Murdoch sought to shift attention from phone hacking to financials on the earnings call, calling News Corp.’s year “exceptional” and touting “the most robust balance sheet in our history.” But he was quick to apologize for the shady practices of his News of the World tabloid, and insisted he would retain his role at the top of the company. “But make no mistake,” Murdoch said, “Chase Carey and I run this company as a team. And the strength of that partnership is reflected in our improved results.”
Deputy COO James Murdoch has for years been the frontrunner to follow his father as chairman, but his involvement in the hacking scandal—it came out of the division he leads—has threatened that scenario. Two former executives have publicly challenged testimony that James Murdoch gave to Britain’s Parliament in mid-July, saying that he knew more about the illegal practices than he let on. On the earnings call Wednesday, in response to a question, Rupert Murdoch said, “Chase and I have full confidence in James. I think that’s all I need to say about it.”News Corp.’s stock was down 4.69 percent Wednesday ahead of the earnings release, and also fell in after-hours trading. It has lost roughly 20 percent of its value since July 5, the first trading day after the ethics scandal erupted in earnest.
“While it has been a good quarter from a financial point of view, our company has faced challenges in recent weeks relating to our London tabloid, News of the World. We are acting decisively in the matter and will do whatever is necessary to prevent something like this from ever occurring again. It is important to note that there has been no material impact on our other operations,” Murdoch said in a statement.

One issue facing the company is what to do with the money that had been set aside for a bid to buy the 61 percent of British Sky Broadcasting that News Corp. did not already own—a roughly $12 billion deal that was scuttled when the U.K. political establishment turned hostile. Murdoch said the company would now aggressively pursue “compelling” opportunities.
Murdoch himself was aggressive on the earnings call, interrupting his deputies and peppering his answers with facts and figures—a marked contrast to his hesitant performance when testifying before Parliament in July. Analysts questioned Murdoch, Carey, and CFO David DeVoe about seemingly all aspects of the company except phone hacking, while reporters on the call immediately focused on the scandal.

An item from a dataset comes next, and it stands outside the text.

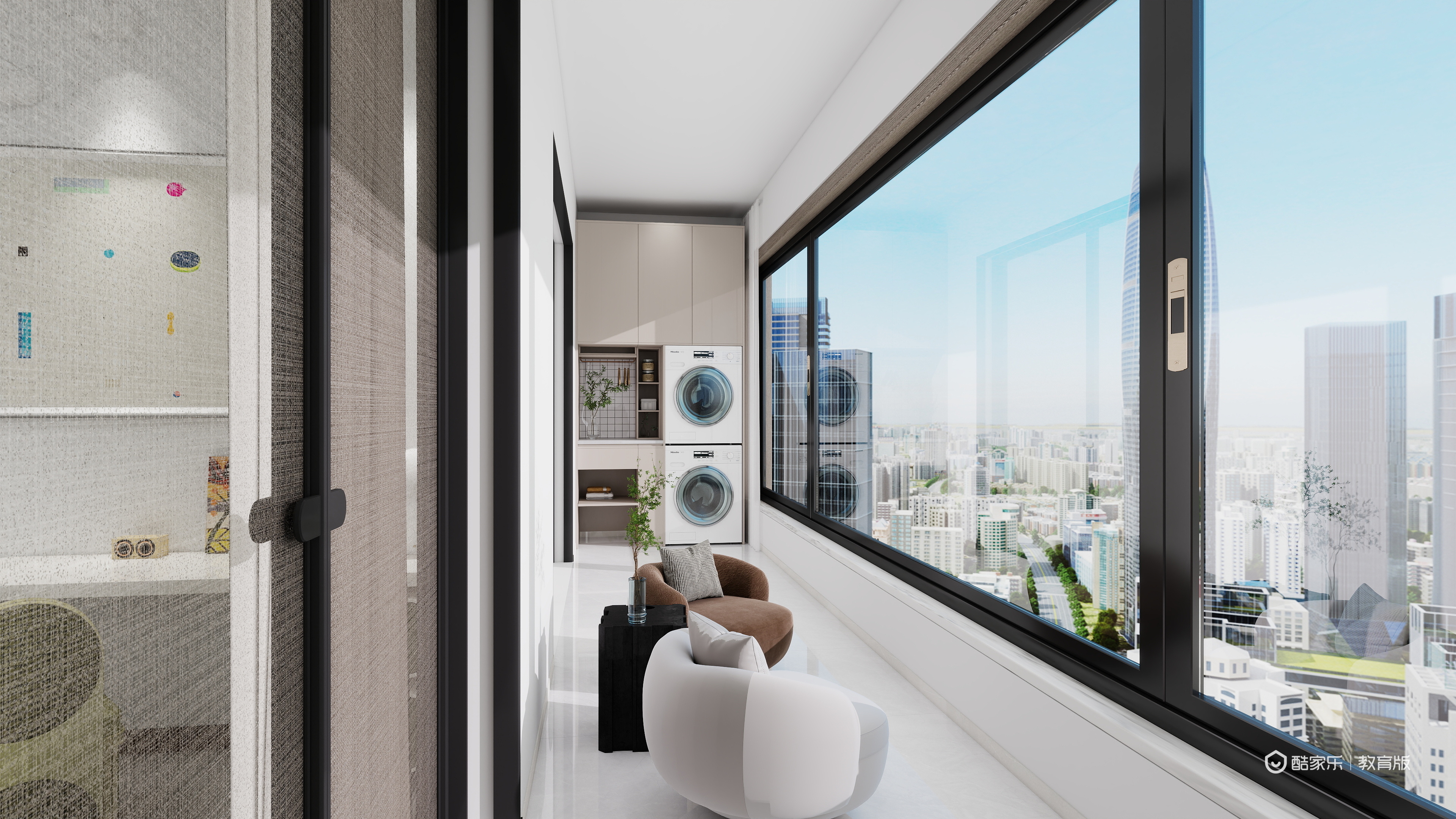 陆婧菡-杭州市建设职业学校-陆婧菡一层阳台装修效果图第1张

Earlier in the day, London police arrested Greg Miskiw, a former News of the World editor suspected of deep involvement in phone hacking—not just the infiltration of voicemail inboxes but the more invasive practice of “pinging,” in which police are bribed to use cell-tower data to locate a person in real time. The arrest of Miskiw, who had been living in Delray Beach, Fla., before returning to Britain, is the 12th arrest so far in the hacking investigation, and makes clear that News Corp. cannot predict the course the scandal will take.
News Corp.’s board of directors met Tuesday in Los Angeles, their first face-to-face meeting since the phone-hacking scandal erupted in earnest. Reports of what was said have not emerged. The 16 board members have been deeply criticized for their close ties to Murdoch. Most publicly traded companies invite independent directors to serve on their boards as a guard against insularity, but at News Corp., whose unusual structure blocks most shareholders from having any voting influence, Murdoch hand-picks even the outside directors. The result is a board heavily beholden to him.

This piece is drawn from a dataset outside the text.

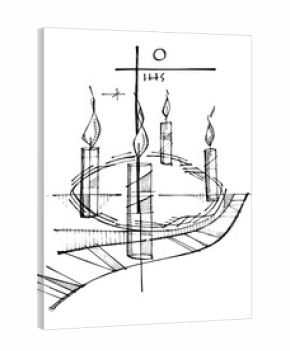 Advent crown, candles and religious Christian Cross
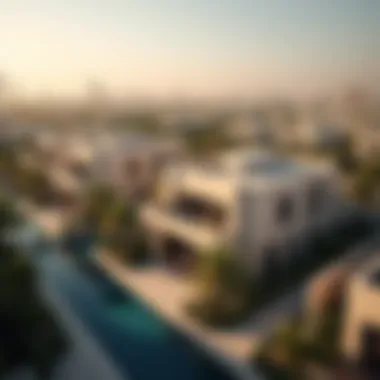 Exclusive Surroundings of Shamsa Townhouse Aerial view of the Shamsa community highlighting its exclusive setting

Viet Dinh, an independent director and Georgetown law professor whom Murdoch named to lead an internal investigation into the scandal, is the godfather of Murdoch’s grandson. On Friday he announced that Elisabeth Murdoch, Rupert’s daughter, would not join the board, as had been expected. News Corp. purchased her production company for $674 million, triggering a lawsuit from shareholders that accuses Rupert Murdoch of treating the company like a “family candy jar.”
News Corp. also announced it lost $254 million on MySpace, the declining social network that it purchased for $580 million in 2005 and sold this year.